**EXCERPTED DATA**
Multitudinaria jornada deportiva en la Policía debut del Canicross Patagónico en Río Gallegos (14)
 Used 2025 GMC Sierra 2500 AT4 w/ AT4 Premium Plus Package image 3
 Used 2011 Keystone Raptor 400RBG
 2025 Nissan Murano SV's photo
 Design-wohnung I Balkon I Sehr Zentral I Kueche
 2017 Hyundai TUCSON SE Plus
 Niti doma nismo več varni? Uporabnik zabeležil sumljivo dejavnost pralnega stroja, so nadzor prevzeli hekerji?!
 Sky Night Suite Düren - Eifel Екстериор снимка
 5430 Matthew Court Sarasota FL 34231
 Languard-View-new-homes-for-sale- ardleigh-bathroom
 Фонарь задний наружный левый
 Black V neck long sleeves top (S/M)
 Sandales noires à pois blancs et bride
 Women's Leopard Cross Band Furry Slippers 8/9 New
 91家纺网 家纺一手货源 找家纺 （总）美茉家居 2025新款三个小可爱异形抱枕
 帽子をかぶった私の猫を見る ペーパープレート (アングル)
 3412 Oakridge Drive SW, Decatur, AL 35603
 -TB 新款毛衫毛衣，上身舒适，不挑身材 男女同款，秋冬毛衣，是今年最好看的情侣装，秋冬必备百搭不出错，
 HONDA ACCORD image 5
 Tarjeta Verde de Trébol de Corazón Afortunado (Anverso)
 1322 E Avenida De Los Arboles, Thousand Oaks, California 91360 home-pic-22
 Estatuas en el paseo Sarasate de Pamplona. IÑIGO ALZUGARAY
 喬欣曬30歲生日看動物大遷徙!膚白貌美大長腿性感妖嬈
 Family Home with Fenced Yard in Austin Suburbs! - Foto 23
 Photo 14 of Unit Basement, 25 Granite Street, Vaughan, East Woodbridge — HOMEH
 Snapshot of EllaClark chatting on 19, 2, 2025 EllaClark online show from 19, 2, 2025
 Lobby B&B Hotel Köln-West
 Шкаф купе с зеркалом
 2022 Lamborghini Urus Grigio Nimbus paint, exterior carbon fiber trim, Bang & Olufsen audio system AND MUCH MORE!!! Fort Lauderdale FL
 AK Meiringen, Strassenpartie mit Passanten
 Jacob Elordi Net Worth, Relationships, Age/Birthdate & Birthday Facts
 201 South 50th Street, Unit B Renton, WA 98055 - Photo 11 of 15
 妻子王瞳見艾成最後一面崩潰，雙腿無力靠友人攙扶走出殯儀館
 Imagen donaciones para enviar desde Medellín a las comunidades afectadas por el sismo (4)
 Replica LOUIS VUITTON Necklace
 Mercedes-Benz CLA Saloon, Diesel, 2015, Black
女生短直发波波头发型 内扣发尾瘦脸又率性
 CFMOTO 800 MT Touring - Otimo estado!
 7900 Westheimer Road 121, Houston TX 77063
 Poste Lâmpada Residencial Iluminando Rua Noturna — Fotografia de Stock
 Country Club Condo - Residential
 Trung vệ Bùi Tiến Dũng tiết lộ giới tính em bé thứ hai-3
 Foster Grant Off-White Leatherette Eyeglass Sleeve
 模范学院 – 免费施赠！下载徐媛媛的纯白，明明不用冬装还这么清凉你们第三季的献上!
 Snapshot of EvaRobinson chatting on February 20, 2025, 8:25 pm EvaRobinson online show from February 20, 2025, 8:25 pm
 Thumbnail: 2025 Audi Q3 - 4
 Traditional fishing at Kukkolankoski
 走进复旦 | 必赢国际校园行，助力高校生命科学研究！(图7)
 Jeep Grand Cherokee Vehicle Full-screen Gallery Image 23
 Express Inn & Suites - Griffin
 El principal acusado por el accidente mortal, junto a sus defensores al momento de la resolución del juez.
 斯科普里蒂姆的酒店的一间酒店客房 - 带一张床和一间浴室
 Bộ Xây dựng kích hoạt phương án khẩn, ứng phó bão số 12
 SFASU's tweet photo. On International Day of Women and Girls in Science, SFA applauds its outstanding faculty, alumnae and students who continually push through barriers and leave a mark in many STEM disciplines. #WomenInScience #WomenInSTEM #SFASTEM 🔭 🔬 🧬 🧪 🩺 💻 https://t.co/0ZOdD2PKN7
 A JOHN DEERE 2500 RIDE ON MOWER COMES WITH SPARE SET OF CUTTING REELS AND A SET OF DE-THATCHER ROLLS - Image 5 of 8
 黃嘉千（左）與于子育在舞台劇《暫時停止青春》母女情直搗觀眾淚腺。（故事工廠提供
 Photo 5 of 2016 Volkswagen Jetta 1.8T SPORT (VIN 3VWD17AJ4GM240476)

**TASK INSTRUCTIONS**
Go line by line through the data and copy any that contain "show".

**SOLVED EXERCISE**
 Snapshot of EllaClark chatting on 19, 2, 2025 EllaClark online show from 19, 2, 2025
 Snapshot of EvaRobinson chatting on February 20, 2025, 8:25 pm EvaRobinson online show from February 20, 2025, 8:25 pm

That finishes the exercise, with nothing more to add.